• _What needs to be done_
Line by line, please look for the word "House" in the following records, then copy each line you find it in.

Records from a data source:

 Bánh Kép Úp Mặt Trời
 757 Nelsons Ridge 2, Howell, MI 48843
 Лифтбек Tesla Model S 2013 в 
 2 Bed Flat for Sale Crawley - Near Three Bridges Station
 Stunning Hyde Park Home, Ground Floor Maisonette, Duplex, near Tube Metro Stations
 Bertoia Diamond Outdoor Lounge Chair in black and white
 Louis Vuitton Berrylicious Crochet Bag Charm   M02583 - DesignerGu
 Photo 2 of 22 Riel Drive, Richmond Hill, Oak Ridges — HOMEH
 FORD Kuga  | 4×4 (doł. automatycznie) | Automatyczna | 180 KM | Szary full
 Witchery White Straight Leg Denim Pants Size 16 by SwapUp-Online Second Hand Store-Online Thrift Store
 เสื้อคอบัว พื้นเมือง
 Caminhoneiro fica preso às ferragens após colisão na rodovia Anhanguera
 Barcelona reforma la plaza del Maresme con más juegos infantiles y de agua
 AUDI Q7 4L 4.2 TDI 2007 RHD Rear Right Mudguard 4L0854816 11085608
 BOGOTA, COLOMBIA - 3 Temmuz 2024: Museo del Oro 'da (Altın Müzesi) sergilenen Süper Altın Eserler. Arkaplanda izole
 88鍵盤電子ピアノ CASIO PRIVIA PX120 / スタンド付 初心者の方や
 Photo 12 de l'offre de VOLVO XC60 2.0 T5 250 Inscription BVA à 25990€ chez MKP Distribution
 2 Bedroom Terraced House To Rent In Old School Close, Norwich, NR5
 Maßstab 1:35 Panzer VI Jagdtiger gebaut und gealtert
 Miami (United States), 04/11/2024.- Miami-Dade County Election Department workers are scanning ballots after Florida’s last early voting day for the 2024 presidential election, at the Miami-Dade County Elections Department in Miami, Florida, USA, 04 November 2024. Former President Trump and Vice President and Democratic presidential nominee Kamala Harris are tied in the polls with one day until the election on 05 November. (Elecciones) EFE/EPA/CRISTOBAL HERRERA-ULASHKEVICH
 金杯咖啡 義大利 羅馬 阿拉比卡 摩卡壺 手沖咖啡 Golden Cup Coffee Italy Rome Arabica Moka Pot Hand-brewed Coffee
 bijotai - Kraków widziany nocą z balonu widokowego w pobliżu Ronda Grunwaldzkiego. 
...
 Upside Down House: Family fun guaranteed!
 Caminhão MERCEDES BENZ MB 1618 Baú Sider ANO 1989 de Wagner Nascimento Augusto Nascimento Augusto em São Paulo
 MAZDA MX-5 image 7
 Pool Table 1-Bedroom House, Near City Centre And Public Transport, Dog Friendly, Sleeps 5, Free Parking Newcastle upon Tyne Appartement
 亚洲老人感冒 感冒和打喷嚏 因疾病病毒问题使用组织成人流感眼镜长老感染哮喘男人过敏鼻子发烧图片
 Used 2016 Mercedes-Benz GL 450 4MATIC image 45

• _Written answer_
 2 Bedroom Terraced House To Rent In Old School Close, Norwich, NR5
 Upside Down House: Family fun guaranteed!
 Pool Table 1-Bedroom House, Near City Centre And Public Transport, Dog Friendly, Sleeps 5, Free Parking Newcastle upon Tyne Appartement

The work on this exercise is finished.